Пракритская грамматика Хемачандры (XIII в.) заключает его санскритскую грамматику, будучи последней ее главой. Она значительно подробнее труда Вараручи и лучше отражает формы пракрита, реально наблюдаемые в литературе; ценна она и описанием поздней формы среднеиндоарийского языка – апабхрамша.

Поскольку пракриты никогда не описывались исходя из них самих, а только на основе санскрита, можно считать, что для самих индийцев они были не самостоятельными языками, а его стилистическими разновидностями.  Это  подтверждается  одним  из  двух существующих толкований слова prakrita: «то, природа (т. е. основа, prakriti) чего есть санскрит». Кроме грамматических сочинений о пракритах, составлялись еще списки пракритских слов, не сводимых к санскритским по правилам, изложенным в грамматике отклонений. К началу второго тысячелетия н. э. расхождение между живыми формами речи, стилизацией которых являются пракриты, и санскритом возросло настолько, что описание их, отправляющееся от лексического и грамматического эталона, сделалось невозможным. Мы не имеем грамматик поздних среднеиндийских и ранних новоиндийских языков, написанных самими индийцами, и это крайне затрудняет исследование памятников на этих языках.

 

Единственным индоарийским языком, описывающимся и осознававшимся в средневековой Индии как самостоятельный, был пали, канонический язык южного буддизма (тхеравады). Самая ранняя палийская грамматика приписывается Каччаяне. К его сутрам прилагается комментарий Сангханандина и примеры на применение правил, собранные Брахмадаттой. Работа Каччаяны написана в традиции санскритской грамматической школы Айндра (последователи Индры). Эта школа архаичнее паниниевской, но все ее труды, сохранившиеся до настоящего времени, относятся к гораздо более позднему периоду, нежели «Восьмикнижие». В традициях грамматики Айндра составлена, помимо трактата Каччаяны, санскритская грамматика «Катантра» (начало н. э.).

Материал сгруппирован у Каччаяны тематически. Первая глава излагает правила сочетания фонем на стыках морфем (внутреннее сандхи) и слов (внешнее сандхи). Список, подобный «Шивасутре», отсутствует. Набор фонем задается во второй сутре перечислением их в порядке индийских алфавитов, в которых гласные, как известно, предшествуют согласным. Отсюда определения: «Первые восемь [в списке], последняя из которых о, [называются] гласными»; «Прочие — согласные» (1.1.3; 1.1.6). Далее в правилах даются дистрибутивные определения обоих классов: «Гласная перед согласной не изменяется» (1.3.1) и «Гласная перед гласной элидируется» (1.2.1). Глава делится на пять параграфов, трактующих: 1) сандхи гласных с гласными; 2) гласных с согласными; 3) назализованного гласного с согласными; 4) назализованного гласного с гласными; 5) морфонологическое сандхи.
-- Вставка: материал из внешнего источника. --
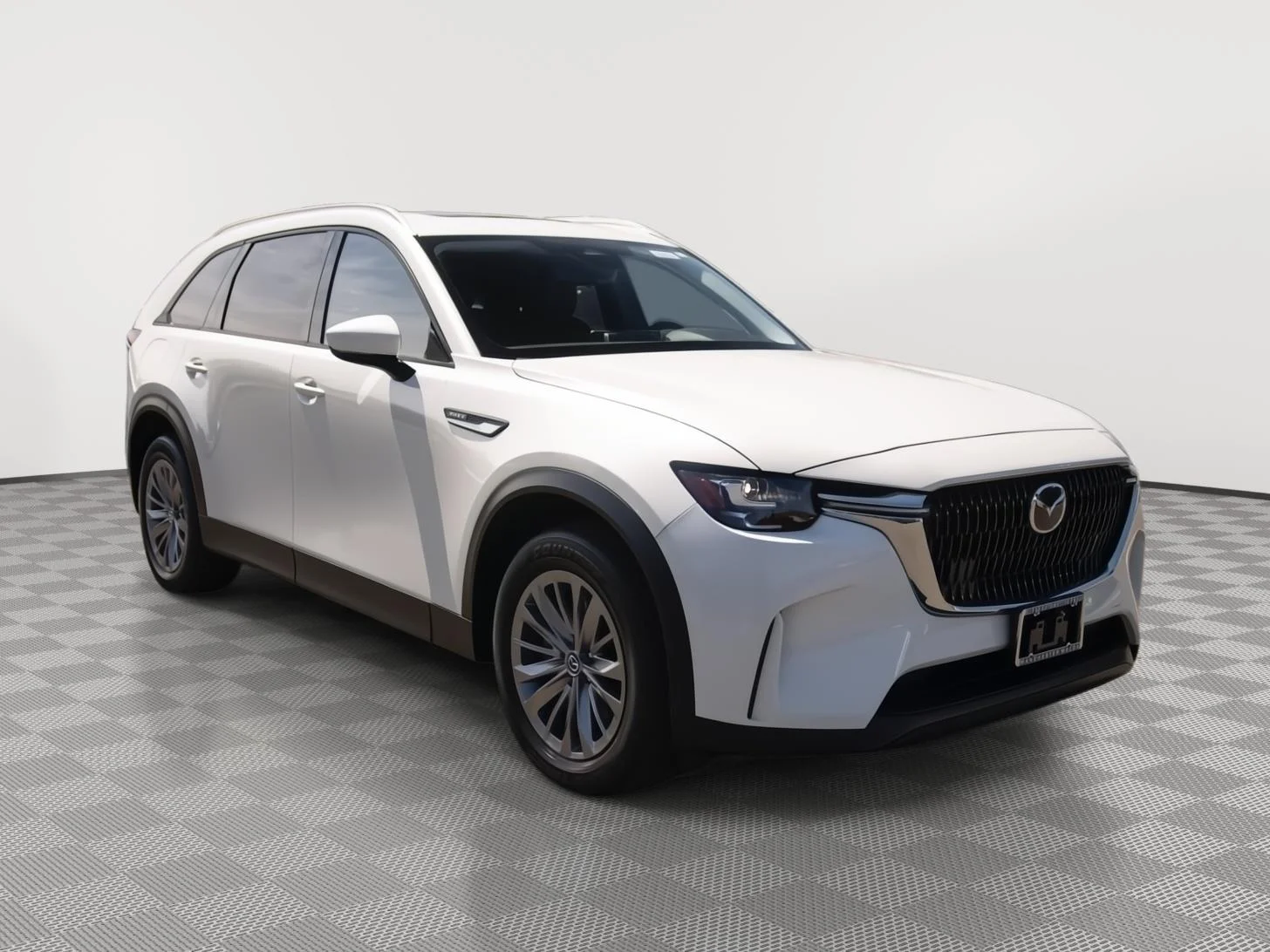 2024 Mazda CX-90 PHEV Preferred Package's photo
Вторая глава «Об имени» открывается сутрой, определяющей предмет всего сочинения: Jinavacanayuttamhi «В согласии со словами Будды». Первые пять параграфов описывают склонение. Вводятся «падежные окончания» (vibhatti): некоторые из них суть искусственные значки, другие – реально встречающиеся падежные окончания наиболее распространенного словоизменительного типа. Согласно последующим правилам, они при необходимости подвергаются заменам. В шестом параграфе описываются karaka  ‘деятели’,  близко  напоминающие  глубинные  падежи современной лингвистики; затем они ставятся в соответствие с поверхностными падежами. Седьмой параграф посвящен сложным словам, которые подразделяются на те же типы, что и у Панини. В восьмом параграфе даны правила присоединения постфиксов taddhita (см. выше). Третья глава трактует образование личных глагольных форм, а четвертая и последняя – первичную суффиксацию посредством постфиксов kita (от скр. krit, см. выше).